Stauraum ist vorhanden. Schaltzentrale für Klima und Licht.

Vertrieb über Händler

Citroën sieht einen „Vertrieb aus eigener Hand“ vor, also über das Händlernetz der Marke. „Eine Rechnung für den Kunden“, verspricht Rux. Beim Vertrieb in neun Ländern liege der Fokus auf Deutschland. Schließlich soll nach vorläufiger Planung mehr als jedes zweite Citroën-Campingmodell hierhin gehen. Zwei neue Namen, zwei neue Modelle: Neben dem Type Holidays bereiten die Franzosen danach auch noch die Einführung der Variante Holidays ohne das Type im Namen vor. Die Enthüllung ist für Oktober geplant. Schaut man auf das Basismodell, den bis zu 5,30 Meter langen Spacetourer, treiben den ein 2,0-Liter-Turbodiesel mit 145 und einer mit 180 PS an. Die Standardversion ist unter anderem mit Eco-LED-Scheinwerfern, Klimaautomatik, Radio, Zehn-Zoll-Touchscreen, Chiné-Sitzen und 17-Zoll-Stahlfelgen bestückt, die einzige darüber mit Metalliclack, Navigation, Rückfahrkamera und 17-Zoll-Leichtmetallrädern.

Marken-/Modellschriftzug hinten.
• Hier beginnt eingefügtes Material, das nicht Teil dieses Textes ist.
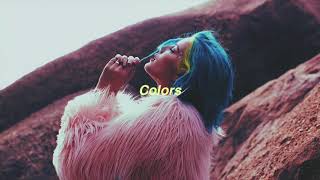 Halsey - Colors (Slowed & Reverb)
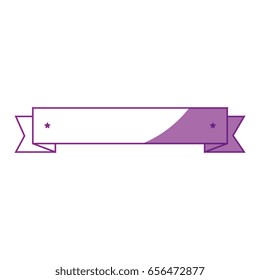 decorative ribbon icon 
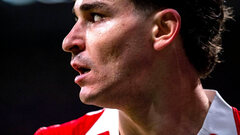 Хулиан Альварес («Атлетико»)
Seitenansicht.

Der weitere Fahrplan

Nach der Type-Holidays-Weltpremiere in Düsseldorf steht die des Holidays noch im Herbst an. Bestellstart für beide – gerechnet wird mit einem Basispreis von rund 55 000 bis 60 000 Euro für den schwächeren Antrieb mit Basispaket – soll Januar sein, ehe der Marktstart im weiteren Frühjahrsverlauf folgt. Sollten Ihnen übrigens beim genaueren Hinsehen die Kulleraugen-Scheinwerfer des Type Holidays irgendwie bekannt vorkommen: Sie stammen von einer italienischen Schwestermarke aus dem Konzern: „Aus dem Fiat 500“, betont Rux.